Elon Musk is unleashing SpaceX’s new war chest to solve his AI problem

SpaceX acquired autonomous coding startup Cursor for $60 billion in an all-stock deal, aiming to bolster its AI capabilities under Elon Musk’s leadership, who acknowledged xAI lags behind rivals like OpenAI and Anthropic. The move follows restructuring at xAI, including layoffs, and comes as SpaceX seeks enterprise customers to monetize its AI tools despite ongoing financial losses in the sector.

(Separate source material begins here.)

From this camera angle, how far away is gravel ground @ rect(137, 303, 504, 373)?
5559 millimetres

SpaceX announced a $60 billion all-stock acquisition of Cursor, a San Francisco-based startup specializing in AI-powered coding tools used by major companies like Nvidia, British Airways, and Deloitte. The deal marks SpaceX’s largest investment in AI, leveraging Elon Musk’s $86 billion war chest to accelerate development amid competition from OpenAI, Anthropic, and Google. Cursor’s revenue surged from $100 million in 2025 to an estimated $4 billion in early June, with over half coming from enterprise clients, making it a strategic asset for SpaceX’s AI ambitions. The acquisition follows SpaceX’s restructuring around AI, including the integration of xAI, Musk’s AI-focused firm behind Grok and X. xAI has struggled with financial losses—$6.4 billion in 2023—and limited adoption, despite Musk’s public acknowledgment that xAI ranks fifth in AI capabilities behind Anthropic, OpenAI, Google, and Chinese open-source models. Cursor’s CEO, Michael Truell, joins SpaceX to lead AI development, signaling a shift toward enterprise-focused AI solutions. Cursor’s product, used by top AI labs, offers tools for autocomplete, code editing, and model toggling, competing directly with Anthropic’s Claude Code and OpenAI’s Codex. The company’s rapid growth—from $100 million to $4 billion in revenue projections—highlights its appeal, though SpaceX’s AI division faces challenges, including debt repayment and competing priorities like a $55 billion chip-fabrication project. Musk’s testimony in a lawsuit against OpenAI underscored xAI’s gap in AI leadership, while Pentagon concerns over Grok’s security add pressure to deliver reliable, scalable AI products. The acquisition aims to bridge this gap by integrating Cursor’s enterprise expertise and talent, though SpaceX’s AI division remains unprofitable, with $2.5 billion in first-quarter losses despite $818 million in revenue. With SpaceX’s financial resources, the deal positions Cursor as a cornerstone for xAI’s expansion, targeting high-paying enterprise clients to offset development costs. However, the company must address operational inefficiencies and market competition to justify the massive investment in AI infrastructure and talent.